═══ Records supplied

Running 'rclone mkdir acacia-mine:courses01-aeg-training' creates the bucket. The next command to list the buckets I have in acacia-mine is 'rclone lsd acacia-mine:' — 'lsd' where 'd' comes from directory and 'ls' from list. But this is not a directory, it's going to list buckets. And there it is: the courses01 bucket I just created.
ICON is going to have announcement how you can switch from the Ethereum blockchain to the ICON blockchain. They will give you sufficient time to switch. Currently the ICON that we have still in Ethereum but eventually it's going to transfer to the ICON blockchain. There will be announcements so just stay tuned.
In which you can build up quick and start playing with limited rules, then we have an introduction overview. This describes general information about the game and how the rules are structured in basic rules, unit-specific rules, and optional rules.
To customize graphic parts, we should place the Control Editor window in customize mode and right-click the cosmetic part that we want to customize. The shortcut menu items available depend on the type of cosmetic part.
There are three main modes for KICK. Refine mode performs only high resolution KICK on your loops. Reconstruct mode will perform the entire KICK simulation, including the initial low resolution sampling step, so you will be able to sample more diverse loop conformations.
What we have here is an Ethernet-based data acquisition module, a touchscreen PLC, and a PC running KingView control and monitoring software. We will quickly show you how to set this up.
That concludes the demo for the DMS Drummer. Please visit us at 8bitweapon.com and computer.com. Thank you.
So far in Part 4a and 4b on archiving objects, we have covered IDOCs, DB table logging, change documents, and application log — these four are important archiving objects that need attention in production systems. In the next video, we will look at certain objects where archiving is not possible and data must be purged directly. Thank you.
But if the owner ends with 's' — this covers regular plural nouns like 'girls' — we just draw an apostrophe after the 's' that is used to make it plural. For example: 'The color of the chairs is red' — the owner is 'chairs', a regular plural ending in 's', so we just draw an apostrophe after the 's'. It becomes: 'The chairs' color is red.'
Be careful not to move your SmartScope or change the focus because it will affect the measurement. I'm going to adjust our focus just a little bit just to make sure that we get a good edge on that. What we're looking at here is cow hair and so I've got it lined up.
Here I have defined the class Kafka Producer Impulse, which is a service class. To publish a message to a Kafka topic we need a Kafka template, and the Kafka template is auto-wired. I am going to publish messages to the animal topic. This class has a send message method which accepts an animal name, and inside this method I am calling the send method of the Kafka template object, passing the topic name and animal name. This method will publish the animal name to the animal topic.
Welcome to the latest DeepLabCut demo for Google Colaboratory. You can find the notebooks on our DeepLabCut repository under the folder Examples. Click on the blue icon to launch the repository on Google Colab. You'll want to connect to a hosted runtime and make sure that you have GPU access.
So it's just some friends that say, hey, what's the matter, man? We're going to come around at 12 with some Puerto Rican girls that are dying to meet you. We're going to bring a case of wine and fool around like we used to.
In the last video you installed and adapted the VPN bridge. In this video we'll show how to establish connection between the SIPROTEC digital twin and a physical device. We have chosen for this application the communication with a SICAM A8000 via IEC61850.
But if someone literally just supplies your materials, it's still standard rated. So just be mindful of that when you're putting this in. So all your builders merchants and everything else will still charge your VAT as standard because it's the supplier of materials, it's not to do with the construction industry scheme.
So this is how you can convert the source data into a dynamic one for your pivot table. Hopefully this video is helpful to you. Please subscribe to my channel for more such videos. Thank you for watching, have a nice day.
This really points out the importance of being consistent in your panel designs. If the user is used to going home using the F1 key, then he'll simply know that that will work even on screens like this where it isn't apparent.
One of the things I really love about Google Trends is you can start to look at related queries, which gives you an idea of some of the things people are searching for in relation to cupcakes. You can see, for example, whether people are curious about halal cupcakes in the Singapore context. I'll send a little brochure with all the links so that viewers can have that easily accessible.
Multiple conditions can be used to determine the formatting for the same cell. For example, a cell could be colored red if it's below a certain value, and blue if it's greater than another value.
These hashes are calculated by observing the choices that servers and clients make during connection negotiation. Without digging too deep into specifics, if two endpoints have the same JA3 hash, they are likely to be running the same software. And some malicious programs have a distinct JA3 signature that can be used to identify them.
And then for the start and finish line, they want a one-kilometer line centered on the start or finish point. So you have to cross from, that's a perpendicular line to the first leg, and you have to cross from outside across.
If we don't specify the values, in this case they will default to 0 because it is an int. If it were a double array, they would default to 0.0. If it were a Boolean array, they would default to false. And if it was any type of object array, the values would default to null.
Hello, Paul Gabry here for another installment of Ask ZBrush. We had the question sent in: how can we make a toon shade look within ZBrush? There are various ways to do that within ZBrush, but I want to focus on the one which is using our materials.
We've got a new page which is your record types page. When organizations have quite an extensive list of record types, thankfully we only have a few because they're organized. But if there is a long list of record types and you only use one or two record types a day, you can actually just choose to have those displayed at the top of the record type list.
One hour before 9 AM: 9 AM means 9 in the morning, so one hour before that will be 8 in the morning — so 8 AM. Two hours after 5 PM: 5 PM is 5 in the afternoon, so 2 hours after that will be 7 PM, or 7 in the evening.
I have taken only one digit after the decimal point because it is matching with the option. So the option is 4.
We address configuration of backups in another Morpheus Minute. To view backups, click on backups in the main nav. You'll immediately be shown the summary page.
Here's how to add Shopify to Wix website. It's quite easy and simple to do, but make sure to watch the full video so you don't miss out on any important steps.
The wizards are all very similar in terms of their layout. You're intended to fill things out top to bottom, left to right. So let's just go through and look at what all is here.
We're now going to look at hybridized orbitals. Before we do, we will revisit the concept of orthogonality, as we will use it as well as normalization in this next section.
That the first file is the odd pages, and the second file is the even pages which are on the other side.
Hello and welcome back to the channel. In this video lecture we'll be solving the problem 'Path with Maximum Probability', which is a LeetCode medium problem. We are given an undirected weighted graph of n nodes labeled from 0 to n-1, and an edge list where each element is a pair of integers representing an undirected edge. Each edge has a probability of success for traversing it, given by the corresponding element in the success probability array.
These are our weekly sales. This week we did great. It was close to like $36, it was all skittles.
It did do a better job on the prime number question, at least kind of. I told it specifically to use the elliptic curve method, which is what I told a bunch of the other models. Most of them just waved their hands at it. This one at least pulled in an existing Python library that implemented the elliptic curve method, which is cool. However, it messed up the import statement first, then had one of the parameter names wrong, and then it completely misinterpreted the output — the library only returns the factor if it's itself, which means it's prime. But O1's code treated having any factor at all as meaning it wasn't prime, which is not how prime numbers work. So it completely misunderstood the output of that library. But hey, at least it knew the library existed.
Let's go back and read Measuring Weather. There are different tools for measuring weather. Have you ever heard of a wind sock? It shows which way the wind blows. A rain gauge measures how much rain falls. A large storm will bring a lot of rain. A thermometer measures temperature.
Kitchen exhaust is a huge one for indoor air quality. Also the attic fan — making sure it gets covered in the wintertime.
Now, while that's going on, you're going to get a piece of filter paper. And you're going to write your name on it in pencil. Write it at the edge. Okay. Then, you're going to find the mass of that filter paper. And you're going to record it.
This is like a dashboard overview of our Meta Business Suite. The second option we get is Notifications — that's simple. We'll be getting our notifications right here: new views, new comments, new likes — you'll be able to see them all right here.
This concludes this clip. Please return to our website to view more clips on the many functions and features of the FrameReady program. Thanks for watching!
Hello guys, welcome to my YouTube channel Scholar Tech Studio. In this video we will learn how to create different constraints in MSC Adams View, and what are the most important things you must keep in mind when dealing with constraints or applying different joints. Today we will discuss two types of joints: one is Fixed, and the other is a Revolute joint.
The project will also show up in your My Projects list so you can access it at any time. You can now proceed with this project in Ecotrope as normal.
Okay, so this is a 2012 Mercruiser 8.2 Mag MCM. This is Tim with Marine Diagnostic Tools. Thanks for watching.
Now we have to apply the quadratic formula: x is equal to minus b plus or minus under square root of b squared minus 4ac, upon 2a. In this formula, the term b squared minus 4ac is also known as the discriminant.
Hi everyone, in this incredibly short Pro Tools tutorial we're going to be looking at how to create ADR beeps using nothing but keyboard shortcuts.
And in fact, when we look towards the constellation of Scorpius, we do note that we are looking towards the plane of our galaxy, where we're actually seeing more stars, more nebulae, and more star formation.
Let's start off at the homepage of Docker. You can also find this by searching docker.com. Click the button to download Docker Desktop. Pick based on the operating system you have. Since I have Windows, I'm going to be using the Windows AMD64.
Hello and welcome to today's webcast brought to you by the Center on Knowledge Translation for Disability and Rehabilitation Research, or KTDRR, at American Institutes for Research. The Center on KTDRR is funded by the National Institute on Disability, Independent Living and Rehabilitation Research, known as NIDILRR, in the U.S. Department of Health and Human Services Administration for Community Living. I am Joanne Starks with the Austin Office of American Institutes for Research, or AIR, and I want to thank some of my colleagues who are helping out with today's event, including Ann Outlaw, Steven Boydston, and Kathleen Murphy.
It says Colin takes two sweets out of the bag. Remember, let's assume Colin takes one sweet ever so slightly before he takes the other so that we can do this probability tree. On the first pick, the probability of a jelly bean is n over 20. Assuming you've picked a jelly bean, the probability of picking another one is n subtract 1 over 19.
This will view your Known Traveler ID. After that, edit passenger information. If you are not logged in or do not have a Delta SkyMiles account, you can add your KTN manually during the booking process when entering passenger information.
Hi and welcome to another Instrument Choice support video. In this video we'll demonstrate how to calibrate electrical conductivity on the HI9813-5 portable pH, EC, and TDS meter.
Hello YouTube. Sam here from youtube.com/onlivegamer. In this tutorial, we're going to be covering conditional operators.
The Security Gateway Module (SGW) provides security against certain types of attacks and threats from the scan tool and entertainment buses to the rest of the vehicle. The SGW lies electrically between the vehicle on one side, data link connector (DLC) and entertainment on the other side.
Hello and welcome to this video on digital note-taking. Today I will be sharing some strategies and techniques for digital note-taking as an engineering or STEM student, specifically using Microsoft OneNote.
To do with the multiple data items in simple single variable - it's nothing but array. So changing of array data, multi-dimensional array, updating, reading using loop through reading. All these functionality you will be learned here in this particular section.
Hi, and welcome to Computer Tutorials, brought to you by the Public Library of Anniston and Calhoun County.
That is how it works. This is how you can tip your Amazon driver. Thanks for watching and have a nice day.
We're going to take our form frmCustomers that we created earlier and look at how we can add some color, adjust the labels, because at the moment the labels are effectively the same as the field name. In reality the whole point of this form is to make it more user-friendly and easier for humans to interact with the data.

══════

* [Task item] Report each line in the data that holds the word "more".

* [Task answer]
There are three main modes for KICK. Refine mode performs only high resolution KICK on your loops. Reconstruct mode will perform the entire KICK simulation, including the initial low resolution sampling step, so you will be able to sample more diverse loop conformations.
So this is how you can convert the source data into a dynamic one for your pivot table. Hopefully this video is helpful to you. Please subscribe to my channel for more such videos. Thank you for watching, have a nice day.
This concludes this clip. Please return to our website to view more clips on the many functions and features of the FrameReady program. Thanks for watching!
And in fact, when we look towards the constellation of Scorpius, we do note that we are looking towards the plane of our galaxy, where we're actually seeing more stars, more nebulae, and more star formation.
We're going to take our form frmCustomers that we created earlier and look at how we can add some color, adjust the labels, because at the moment the labels are effectively the same as the field name. In reality the whole point of this form is to make it more user-friendly and easier for humans to interact with the data.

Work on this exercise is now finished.